The teapot museum, the Randy Parton Theatre, the East Coast Drag Racing Hall of Fame and the “perfect Christmas tree.” What do all of these things have in common?
They have all received grant money from Golden LEAF, the slush fund packed with political cronies. The Civitas Institute has posted its top ten list of most wasteful projects receiving Golden LEAF grant money.
Sitting on $560 million of monies received courtesy of the Master Settlement Agreement (MSA) resulting from a 1998 lawsuit against several tobacco manufacturers, Golden LEAF has proved itself to be highly redundant, and merely a “political tool.”
Yet during the last two difficult budget years here in North Carolina, Golden LEAF funds have remained untouched. Meanwhile, state budget writers have tapped numerous other trust funds to help fill the budget gap. Why has Golden LEAF money not been targeted? Is MSA money untouchable? Certainly not.

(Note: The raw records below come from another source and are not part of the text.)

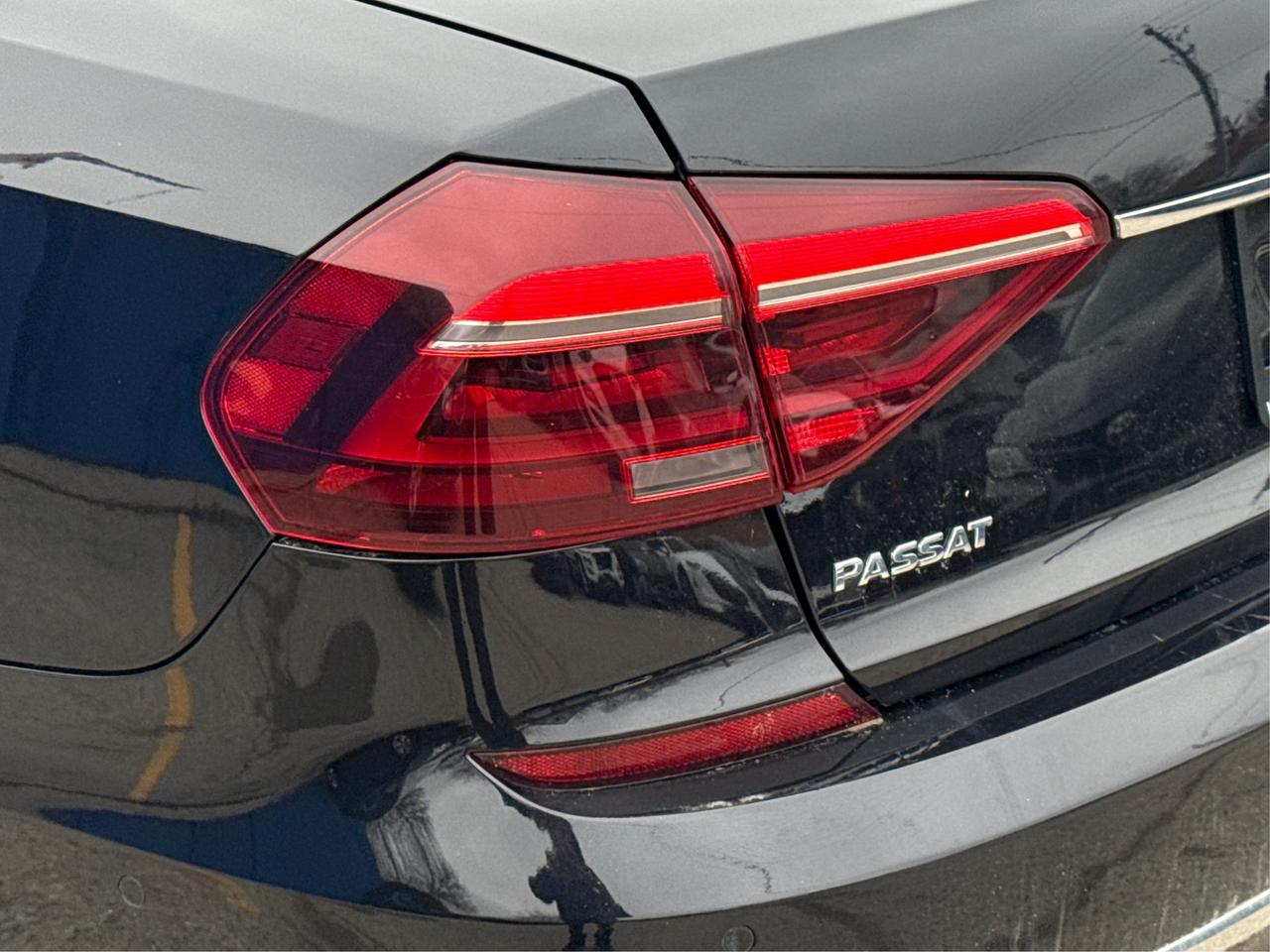 2018 Volkswagen Passat LEATHER SUNROOF HEATED SEATS WE FINANCE ALL CREDIT Photo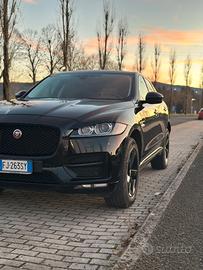 Jaguar F-Pace Rsport 2.0 d 180 cv AWD BlackEdition
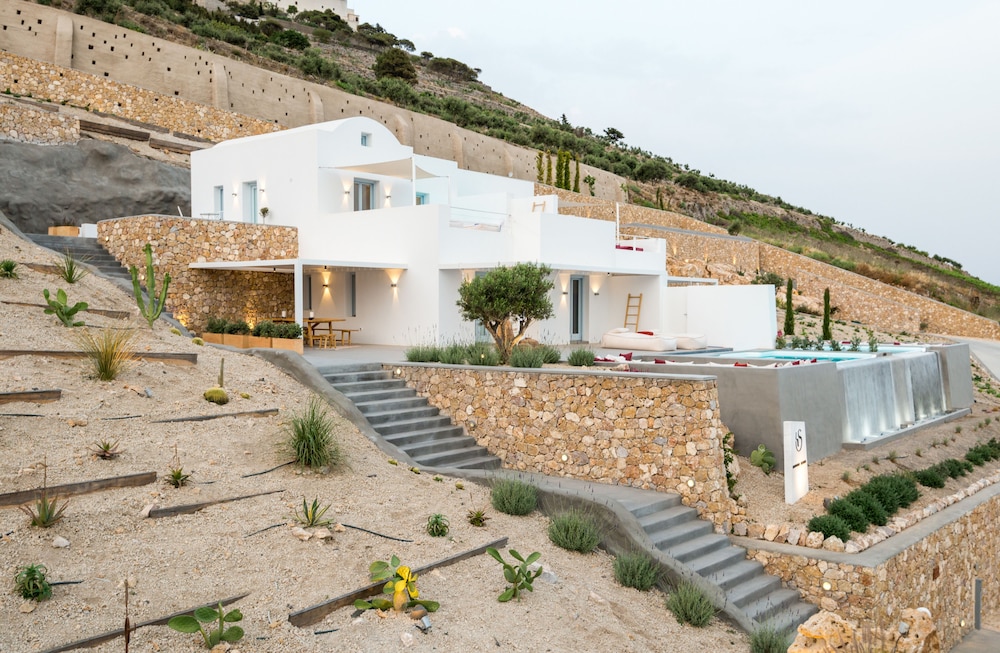Santorini Heights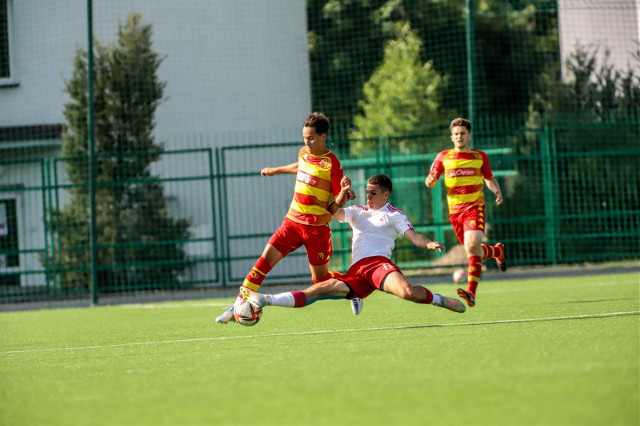 III liga piłkarska. Wissa - Polonia Warszawa, Wikielec - Jagiellonia II. Rywale są bez wyjścia.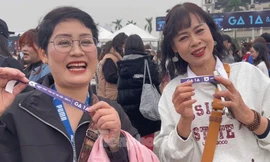 Các chị đẹp U50 nghỉ bán hàng 'đu' Trấn Thành và 30 anh trai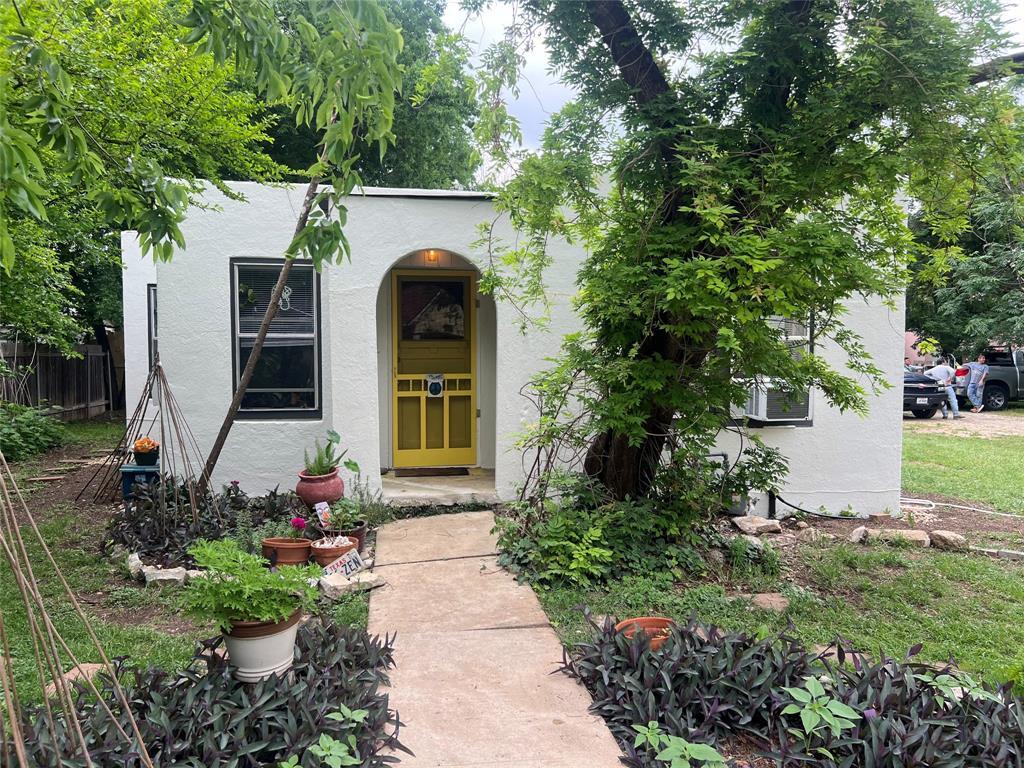 Primary Photo - 5009 Avenue G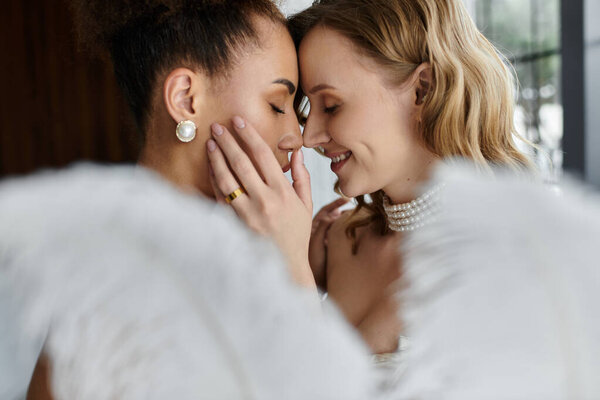 Две невесты разделяют нежный момент в день своей свадьбы.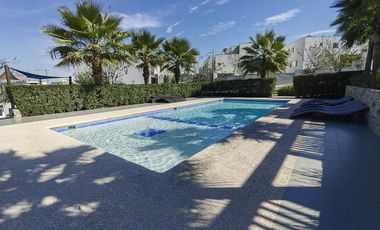 CASA EN RENTA DE 3, SEMI AMUEBLADA EN DOMINIO CUMBRES . GRACIA, NL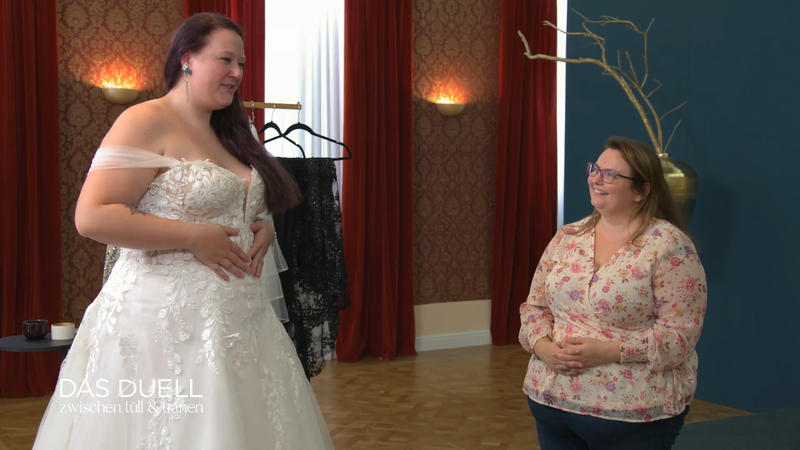 Wie gefällt Annalena ein ganz weißes Kleid?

The two other funds receiving and disbursing MSA monies (Health and Wellness Trust Fund and the Tobacco Trust Fund) have been tapped for countless millions over the past several years to help balance the state budget.
While school teachers are laid off and care to the elderly is curbed in order to balance the state budget, the organization that finances pirate ship restoration and beekeepers remains fully funded.
It wouldn’t have anything to do with the fact that Golden LEAF’s board of directors is filled with big-money political donors (see pg. 13), would it?